- The Washington Times - Friday, March 16, 2007

WALTHAM, Mass. — His church started in his living room, growing steadily as it moved wherever it found space, from public parks, to a YMCA to a former woodworking shop.

But by 2002, the New Covenant Christian Church of Cambridge was straining the old shop’s walls, and the Rev. Thomas St. Louis knew more room was sorely needed. Then, the financial stress on the Boston Archdiocese provided an opportunity for Mr. St. Louis’ Haitian-American congregation.

Mr. St. Louis’ church now meets at the former St. Joseph Church in Waltham, which was among 44 church buildings shut down as 62 Roman Catholic parishes were dissolved in a broad consolidation in the Boston Archdiocese that began in 2004.

About half of the 26 church properties that have been sold are being used for new housing, while eight were purchased by other churches, including New Covenant, a 400-member evangelical Protestant church.

Now when Mr. St.
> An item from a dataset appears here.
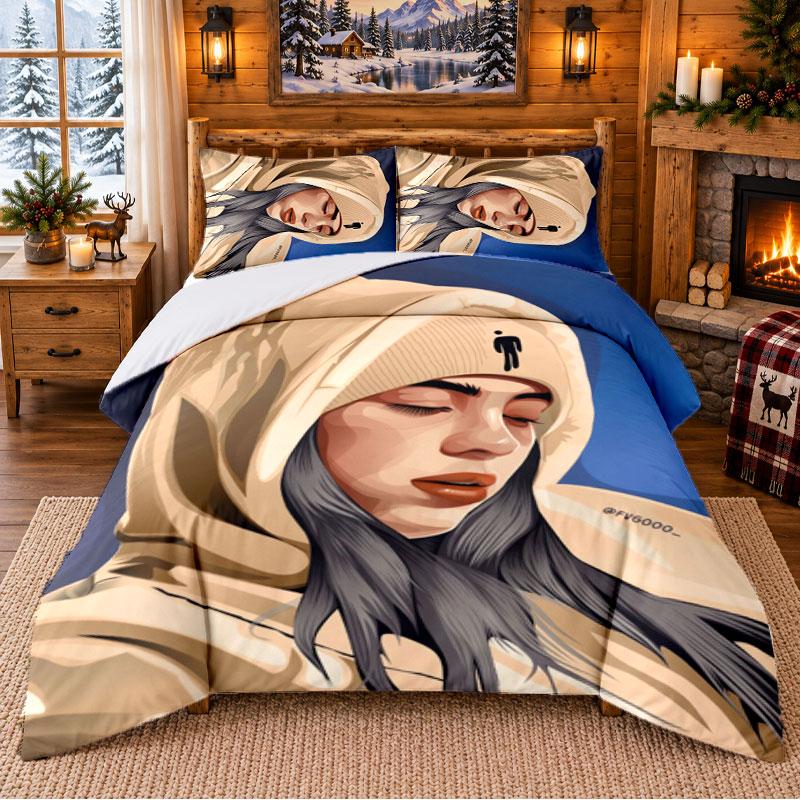 Set de așternuturi cu model Billie Eilish 3 bucăți Cearșaf și fețe de pernă Pentru dormitor interior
Louis delivers his sermons in Creole, he is preaching to empty pews that his church has a chance to fill.

“Honestly from my heart, I wish the Catholic Church in Boston and greater Boston never had any problems to force the cardinal to sell those churches, because I know what those churches meant to the parish,” he said.
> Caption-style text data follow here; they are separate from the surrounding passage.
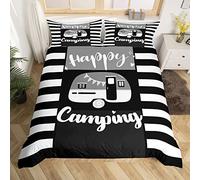 HATEGE Happy Camping Duvet Cover Double Soft Cozy Microfiber 3d Print Camper Van Bedding Sets Holiday Travel Quilt Cover 200x200 cm with 2 Pillowcases with Zipper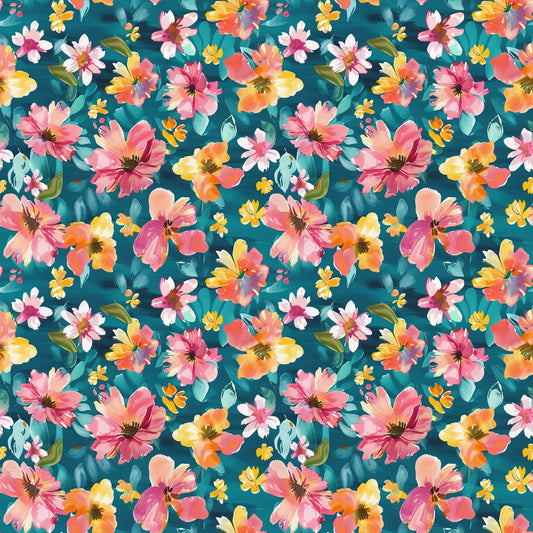 Vibrant Blue Pink Floral Digital Seamless Pattern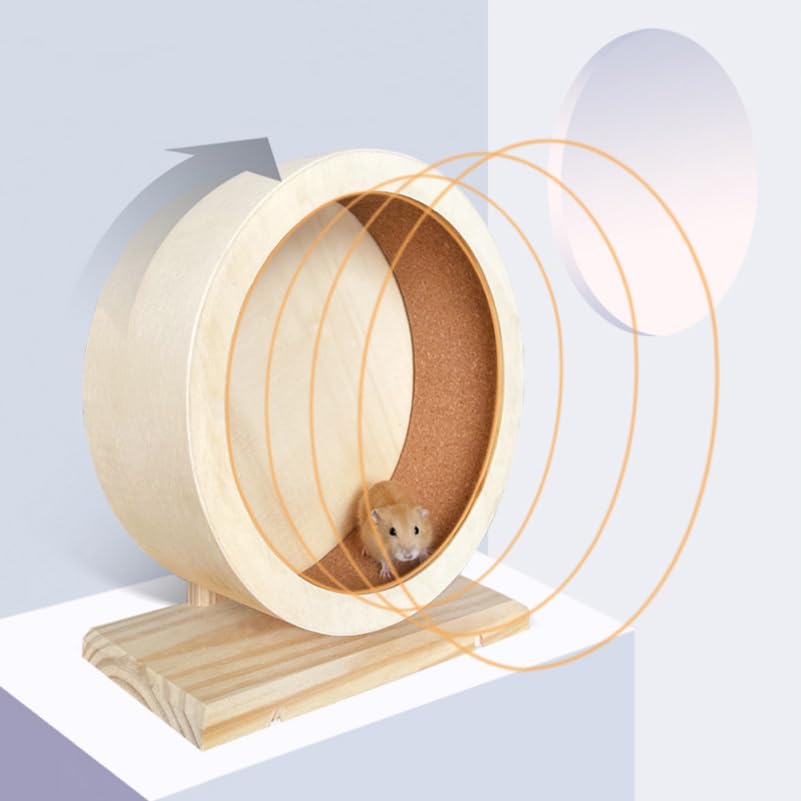 KESYOO Silent Wooden Exercise Wheel Toy for Hamster Hedgehog and Small Pets 12-inch Size for PET Play and Exercise Accessories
But one positive result, he said, is “the church could be used again as a church.”

Other churches with strong ethnic identities such as New Covenant’s have found homes in former Catholic properties, including another Haitian congregation that bought St. Peter in Malden. A Serbian Orthodox church bought Immaculate Conception in Cambridge and a Greek Orthodox church bought St. James in Arlington.

Jubilee Christian Church in Boston, one of New England’s largest churches, purchased Our Lady of the Rosary in Stoughton as a satellite for an estimated 2,000 members who live in that area. Another Protestant congregation, Greater Faith Pentecostal Worship Center, bought St. Joseph in Boston’s Hyde Park.

The little-known Swedenborgian church purchased Our Lady Help of Christians in Concord. And a Nazarene congregation bought St. Alphonsus in Danvers.

“Obviously we would have preferred to continue to operate these as Catholic churches,” said Terry Donilon, a spokesman for the archdiocese. But, he added, “in many cases, we have helped other congregations carry on many good works in communities, where they work to benefit people in need.”

The church closings were needed to deal with declining attendance, a priest shortage and money woes brought on in part by the clergy sex-abuse scandal. When the archdiocese put its properties on the market, top price was a priority, but it wasn’t the only factor. Community impact and planned use of the property were also considered.

For example, a proposal for a health care center at St. Boniface in Quincy was nixed because it could have involved counseling for abortion. The property is being used by a YMCA after-school program.

Fourteen of the 26 church buildings sold were slated for housing — ranging from subsidized units to luxury housing. Two other buildings were sold separately to Tufts University and Northeastern University. The former Immaculate Conception in Winchester is a day care center and Asuncion in Lawrence was sold to be used for commercial space.

The archdiocese has completed $62 million in sales of properties put on the market by reconfiguration, and seven church buildings remain on the market.

Among churches not now on the market, 14 are tied up in canonical or legal appeals by parishioners trying to reverse the archdiocese’s decision to shutter them, including five that are still occupied by parishioners angry and hurt over what they say are unjustified closings.

The Rev. Nicholas Kastanas knew there was a lot of pain when parishioners from St. James in Arlington joined members of his Greek Orthodox congregation on a ceremonial, mile-long march from his old building, after his church purchased St. James in late 2005.

But Father Kastanas believes his congregation at St. Athanasius the Great will continue to be a blessing to the area. Since 2001, his church had been standing-room only at services, with 500 or more people squeezing into a space that comfortably held about 330. A tiny parking lot held 30 cars, and crossing a busy road was too harrowing for many would-be worshippers.

Efforts to purchase an adjacent property were continually stymied, but then the St. James property went on the market.

The $6 million purchase bought the church room for as many as 900 congregants, as well as its expanding programs for seniors, youth and social outreach.